# An updated TiVo Service Agreement is available



## PhilG (Jan 15, 2002)

See THIS thread for more chatter on a new service agreement for us S1 folks


----------



## Davyburns (Jan 7, 2004)

PhilG said:


> See THIS thread for more chatter on a new service agreement for us S1 folks


Anyone noticed any bad news lurking in the afternoon session?


----------



## mikerr (Jun 2, 2005)

http://www.tivo.com/bskybserviceagreement

Still mentions bskyb on screen (possibly hardcoded into MFS).
but so does the webpage it points to.

Maybe the webdesigners haven't uploaded the changed page yet?

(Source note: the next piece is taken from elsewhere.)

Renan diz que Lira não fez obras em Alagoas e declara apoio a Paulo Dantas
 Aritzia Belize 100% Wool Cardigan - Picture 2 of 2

I'm expecting it to change to "TiVo Inc" (not Virgin) since the contract with sky may be finishing/not renewed

For those not aware:
Sky do TiVo phone support and payments - they don't provide the guide data or the daily call lines.


----------



## PhilG (Jan 15, 2002)

Davyburns said:


> Anyone noticed any bad news lurking in the afternoon session?


What on earth do you mean?

What's an "afternoon session" in the Tivo context??


----------



## SPR (Nov 28, 2001)

mikerr said:


> Maybe the webdesigners haven't uploaded the changed page yet?




The web page states "Updated December 2010"


----------



## ColinYounger (Aug 9, 2006)

> you agree not to tamper with or otherwise modify your TiVo DVR


Ooops.


----------



## spitfires (Dec 19, 2006)

That just puts you in breach of the agreement  - however it doesn't invalidate or terminate it


----------



## TCM2007 (Dec 25, 2006)

No, just means TiVo can terminate it.


----------



## spitfires (Dec 19, 2006)

True but they can already do that (for no reason whatsoever) with 30 days notice. 

That clause is why I didn't get a lifetime sub... hummmmm, poo.


----------



## TCM2007 (Dec 25, 2006)

Which is why you should never read the small print, how much did it cost you?


----------



## spitfires (Dec 19, 2006)

The writing seemed to be on the wall when I bought one of the last units Comet had left in stock - the omen wasn't good that Tivo would see out the year (2002). Only a fool would throw an extra £200 at a company that might not be around in 6 months. 

Of, course as it turns out, Tivo UK are still here and long may they stay. :up:


----------